User ID Expression Required. Where to find the user ID in the token claim.

Default value: N/A

Example: sub
Roles Expression Required. Where to find the user role in the token claim.

Default value: N/A

Example: role
Headers to add Optional. Name-value pairs to pass information from the token in the request header to pipeline parameters. For example, you might pass the user ID from the token claim so that the underlying pipeline can retrieve it in a parameter.

Example:

To pass the role and token in the header:
  • Name: role Value: $aud
  • Name: tempKey Value: request.uri.path
  • Name: keyID Value: $kid
  • Name: all Value: $
To retrieve the token in pipeline parameters, add a Mapper Snap and map the header values:
  • _ROLE > $aud
  • _TEMPKEY > $tempKey
  • _KEYID > $kid
  • _ALL > $all
Description The purpose of the rule.

URL format properties

With the URL format selected, the following properties are available.

Field Name Description
URL

Enter the URL endpoint or click = to enter an expression to obtain the key.

Default value: N/A

Example: https://login.microsoftonline.com/%3Ctenant%3E/discovery/v2.0/keys
Extract Keys from URL Specifies where to store the extracted token.
Note: This policy only supports a list of JWK Keys or one JWK key and verifies against the kid field in the JWT header to support URL. If you pass in a list of keys, then only the key whose kid matches with that of the JWT Header’s kid is used for verification.

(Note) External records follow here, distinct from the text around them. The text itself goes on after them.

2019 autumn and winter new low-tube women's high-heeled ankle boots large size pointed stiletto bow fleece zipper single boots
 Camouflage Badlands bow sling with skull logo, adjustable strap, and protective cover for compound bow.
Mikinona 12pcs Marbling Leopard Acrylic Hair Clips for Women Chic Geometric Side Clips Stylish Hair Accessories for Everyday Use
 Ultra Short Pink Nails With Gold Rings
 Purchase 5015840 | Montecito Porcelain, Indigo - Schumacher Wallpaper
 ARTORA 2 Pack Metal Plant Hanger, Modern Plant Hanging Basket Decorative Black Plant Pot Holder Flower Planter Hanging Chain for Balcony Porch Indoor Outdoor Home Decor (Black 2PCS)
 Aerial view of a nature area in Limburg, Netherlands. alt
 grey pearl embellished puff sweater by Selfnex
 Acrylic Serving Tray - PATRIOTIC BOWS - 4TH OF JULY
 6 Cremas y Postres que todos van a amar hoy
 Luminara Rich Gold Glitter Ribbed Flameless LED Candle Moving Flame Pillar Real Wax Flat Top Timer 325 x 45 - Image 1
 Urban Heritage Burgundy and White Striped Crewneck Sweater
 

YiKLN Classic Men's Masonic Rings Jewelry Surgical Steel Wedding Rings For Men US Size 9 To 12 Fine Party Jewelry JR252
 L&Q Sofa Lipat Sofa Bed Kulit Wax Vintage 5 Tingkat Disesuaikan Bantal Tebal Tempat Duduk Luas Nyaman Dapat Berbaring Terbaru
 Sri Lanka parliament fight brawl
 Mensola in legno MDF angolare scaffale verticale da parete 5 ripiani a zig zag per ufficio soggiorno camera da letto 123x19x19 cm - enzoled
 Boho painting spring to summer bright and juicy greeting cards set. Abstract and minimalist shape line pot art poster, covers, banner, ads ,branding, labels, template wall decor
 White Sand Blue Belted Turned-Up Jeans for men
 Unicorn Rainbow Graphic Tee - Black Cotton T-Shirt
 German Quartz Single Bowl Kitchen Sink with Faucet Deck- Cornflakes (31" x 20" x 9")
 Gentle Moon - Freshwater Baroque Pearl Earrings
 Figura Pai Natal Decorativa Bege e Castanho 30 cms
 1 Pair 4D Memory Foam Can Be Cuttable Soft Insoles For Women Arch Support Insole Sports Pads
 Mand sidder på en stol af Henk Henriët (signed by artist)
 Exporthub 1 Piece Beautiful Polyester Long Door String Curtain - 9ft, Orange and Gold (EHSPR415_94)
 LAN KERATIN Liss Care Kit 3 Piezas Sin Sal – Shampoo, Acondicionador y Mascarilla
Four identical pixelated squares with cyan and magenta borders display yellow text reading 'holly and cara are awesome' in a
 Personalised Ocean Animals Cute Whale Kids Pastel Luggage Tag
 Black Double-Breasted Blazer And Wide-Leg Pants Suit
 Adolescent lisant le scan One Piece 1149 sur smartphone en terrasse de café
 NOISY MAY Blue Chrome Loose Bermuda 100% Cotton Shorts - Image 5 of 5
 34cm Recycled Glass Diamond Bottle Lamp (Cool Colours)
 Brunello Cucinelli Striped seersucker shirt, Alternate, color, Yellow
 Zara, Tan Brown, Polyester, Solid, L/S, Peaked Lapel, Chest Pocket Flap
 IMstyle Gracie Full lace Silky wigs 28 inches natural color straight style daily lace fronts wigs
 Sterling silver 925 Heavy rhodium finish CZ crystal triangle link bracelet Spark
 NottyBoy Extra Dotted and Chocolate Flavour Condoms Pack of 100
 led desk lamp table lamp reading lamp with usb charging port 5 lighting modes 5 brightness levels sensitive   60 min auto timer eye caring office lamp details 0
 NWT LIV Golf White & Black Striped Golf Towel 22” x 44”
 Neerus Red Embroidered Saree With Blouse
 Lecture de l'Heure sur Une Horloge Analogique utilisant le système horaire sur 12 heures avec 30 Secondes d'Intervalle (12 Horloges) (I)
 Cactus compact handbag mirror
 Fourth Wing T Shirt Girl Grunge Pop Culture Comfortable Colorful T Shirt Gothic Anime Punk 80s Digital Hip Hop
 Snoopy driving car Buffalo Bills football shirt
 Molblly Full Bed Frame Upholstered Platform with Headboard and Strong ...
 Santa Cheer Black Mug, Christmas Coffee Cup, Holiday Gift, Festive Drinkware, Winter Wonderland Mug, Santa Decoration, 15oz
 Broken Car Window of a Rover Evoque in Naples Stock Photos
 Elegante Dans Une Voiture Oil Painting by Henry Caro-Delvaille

Default value: Expression enabled$

Example: $keys
Extract into $token Required. Use one or more of the custom key properties to specify the location of the token in the request. If none are found, this rule passes the request to the next rule.
Custom Header Keys The name of one or more header keys to check for the token. Click + to add more.

Default value: N/A

Example: x-jwt-key
Custom Query String Parameter Keys The names of one or more query parameter keys to check for the token. Click + to add more.

Default value: N/A

Example: Auth

Custom Cookie Key The names of one or more cookie keys to check for the token. Click + to add more custom cookies.
Tip: In the request, the cookie value should contain the JWT.

Default value: N/A

Example: My_jwt
Authorization Header Type If the key is in the Authorization header, this value is used as the “type” to check. Bearer is the correct type for JWTs.

Default value: Bearer
Extract User Info Required. Specifies how to extract information about the user from the token claim.
User ID Expression Required. Where to find the user ID in the token claim.

Default value: N/A

Example: sub
Roles Expression Required. Where to find the user role in the token claim.

Default value: N/A

Example: role
Headers to add Optional. Name-value pairs to pass information from the token in the request header to pipeline parameters. For example, you might pass the user ID from the token claim so that the underlying pipeline can retrieve it in a parameter.

Example:

To pass the role and token in the header:
  • Name: role Value: $aud
  • Name: tempKey Value: request.uri.path
  • Name: keyID Value: $kid
  • Name: all Value: $
To retrieve the token in pipeline parameters, add a Mapper Snap and map the header values:
  • _ROLE > $aud
  • _TEMPKEY > $tempKey
  • _KEYID > $kid
  • _ALL > $all
Description The purpose of the rule.